Data is an asset. Lots of textbooks state that.

But it is actually wrong. It should rather say "correct data is an asset, incorrect data is a liability".

And database constraints give you the best possible guarantee that data is correct.

+2  A: 

Simpler Application Code

One nice thing they provide is that your application code has to do a lot less error checking and validation. Contrast these two bits of code and multiply by thousands of operations and you can see there's a big win.

get department number for employee  # it's good coz of constraints
do something with department number

vs.

get department number for employee
if department number is empty
    ...
else if department number not in list of good department numbers
    ....
else
    do something with department number

Of course, people that ignore constraints probably don't put a lot of effort into code validation anyway... :-/

Oh, and if the data constraints change, it's a database configuration issue and not a code change issue.

Mark Harrison
+3  A: 

The following, assuming you get the constraint right in the first place:-

  • Your data will be valid with respect to the constraint
  • The database knows your data will be valid with respect to the constraint and can use this when querying or updating the database (e.g. removing an unnecessary join for a query on a view)
  • The constraint is documented for future users of the database
  • A violation of the constraint will be caught as soon as possible; not in some later unrelated process that fails
WW
+2  A: 

In some DBMSs (e.g. Oracle) constraints can actually improve the performance of some queries, since the optimiser can use the constraints to gain knowledge about the structure of the data. For some examples, see this Oracle Magazine article.

Tony Andrews
This is the type of information I was after.
MasterMax1313
+2  A: 

I would say all required constraints must be in the database. Foreign key constraints prevent unusable data. They aren't a nice to have - they are a requirement unless you want a useless database. Foreign keys may hurt performance of deletes and updates but that is OK. Is it better to take a little longer to do a delete (or to tell the application not to delete this person because he has orders in the system) or to delete the user but not his data? Lack of foreign keys may cause unexpected and often serious problems in querying the data. For instance the cost reports may depend on all the tables having related data and so may fail to show important data because one or more tables have nothing to join to.

Unique constraints are also a requirement of any decent databse. If a field or group of fields must be unique, to fail to define this at the database leve is tocreate data problems that are extremely hard to fix.

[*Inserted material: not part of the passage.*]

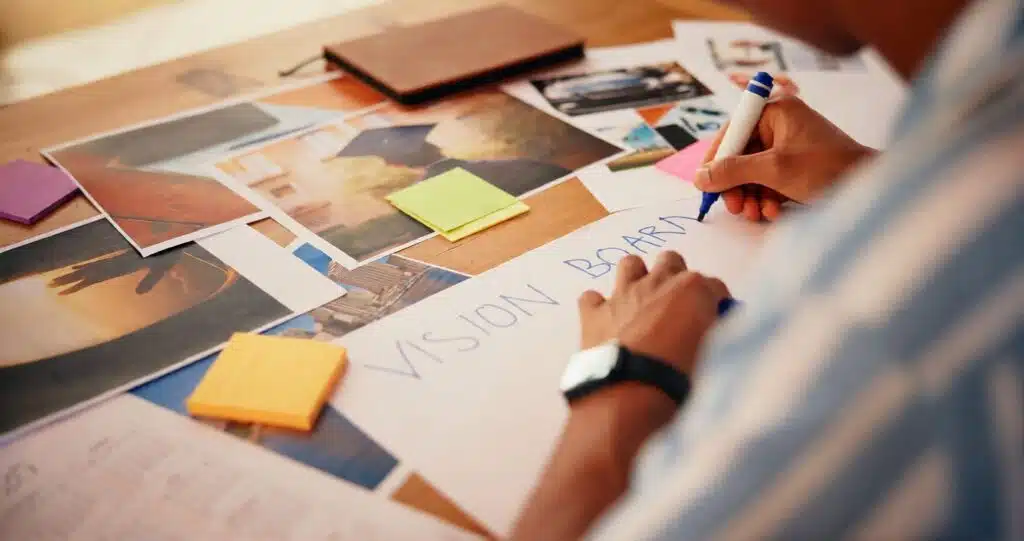 Creating a career vision board at a desk with photos and notes using Job Vision Board Ideas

You don't mention other constraints but you should. Any business rule that must always be applied to all data in the table should always be applied in the database through a datatype (such as a datatime datatype which willnot accept '02\31\2009' as a valid date), a constraint (say one that does not allow the field to have a value greater than 100) or through a trigger is the logic is so complex it cannot be handled by an ordinary constraint. (Triggers are tricky to write if you don't know what you are doing, so if you have logic this complex, you hopefully have adatabase professional on your team.) The order is important to. Datatypes are the first choice, followed by constraints, followed by triggers as a last choice.

HLGEM
+1  A: 

"Oh, and if the data constraints change, it's a database configuration issue and not a code change issue."

Unless it's a constraint that disappears from the design. In that case, there definitely IS a code impact, because some code might have been written that depends on that removed constraint being there.

That must always be taken in consideration when "laxing" or "removing" any declared constraint.

Other than that, you are of course completely right.